Resulta que llegó un man a decir que nos habíamos ganado un obsequio con Claro. Preguntó por mi mamá porque el servicio está a su nombre, pero salí yo porque soy quien está pendiente de ese pago y porque la tragedia familiar había llegado como un espanto a plena luz del día.
Salí yo a preguntar qué se le ofrecía y resulta que el man me aseguraba que Claro nos había mandado algo, pero que esta empresa —la de domicilios— no estaba segura de que hubiera llegado; el man era, según dijo, un supervisor.
Recibí una hoja donde estaba la firma de mi mamá. Comprobé que no era su letra o la mía para justificar el obsequio que no recibimos. Eso dije: que no era nuestra letra y que desconocíamos el papel, la letra, el regalo y los porqués.
El ahora supervisor me dijo que eso estaba pasando: se mandaban los obsequios y los domiciliarios se andaban quedando con ellos, por eso le tocaba supervisar. Aseguró, luego de un fuerte refuerzo acerca del sitio donde trabajaba, que iba a tener mi regalo, «Ese es mi trabajo», dijo.
Me dio un teléfono y me dijo que llamara; era, según dijo, el de la empresa donde trabajaba; me dio, además, su número personal por razones que desconozco. Debía llamar a la empresa para decir que no recibí de Claro lo que el supervisor decía que debí recibir. Llamé.
Me contestó alguien que aseguró ser el gerente. Estuvo atento a lo que yo le decía. Me pidió la dirección de mi casa y apuntó un par de cosas que no puedo imaginar qué eran. Le pedí su nombre y me noté, casi con autovergüenza, que yo tenía un raro entusiasmo por el regalo: «Es una crispetera y un paquete de crispeta», aseguró.
Me imaginé un electrodoméstico que no necesitaba, pero que sería increíble para las crispetas que no hago para ninguna película.
Con las horas, olvidé el asunto, pero regresó a mi mente en la noche cuando, en un ataque de sensatez, decidí averiguar por la empresa de domicilios. No encontré número telefónico en Barranquilla; la sede estaba en Bogotá y, al llamar, no era horario hábil: la voz de máquina repetía como un rosario sin fin las opciones para hundir la tecla 1 o la tecla 5.
Empecé a pensar si no era todo un fraude y un intento de atraco.
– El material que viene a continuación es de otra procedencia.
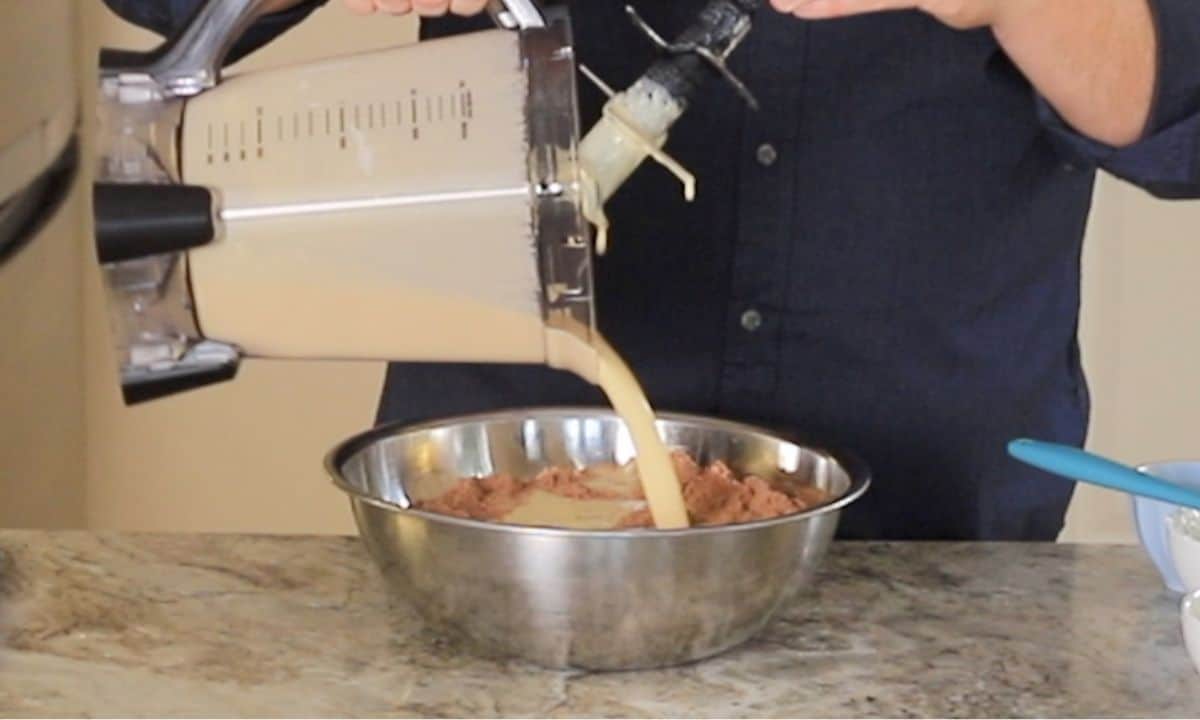 Pouring the wet ingredients from the blender into the bowl with the dry ingredients.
Recordé que unos días antes, mientras venía de la tienda, noté a un parrillero de una moto que señaló mi casa como en sentencia en un circo romano, y tuve miedo.
Me empecé a hacer preguntas: ¿De dónde a acá Claro me daría algo si nunca lo había hecho? ¿Por qué si el supervisor era justo eso tenía que ser yo quien reportara la inconformidad? Si su trabajo era ese, ¿por qué no lo hacía él? ¿Por qué, de manera sospechosa, reforzaba que era supervisor de una empresa de la que no conseguí teléfono en la ciudad? ¿Por qué el propio gerente me contestaría el teléfono? Recordé que, en realidad, nunca leí el papel y que solo vi la letra para desautorizar su autenticidad. Se me vino a la mente que el supervisor halagó mis tatuajes y que su voz, ahora llevada por mis prejuicios, me hicieron dudar de ese hombre.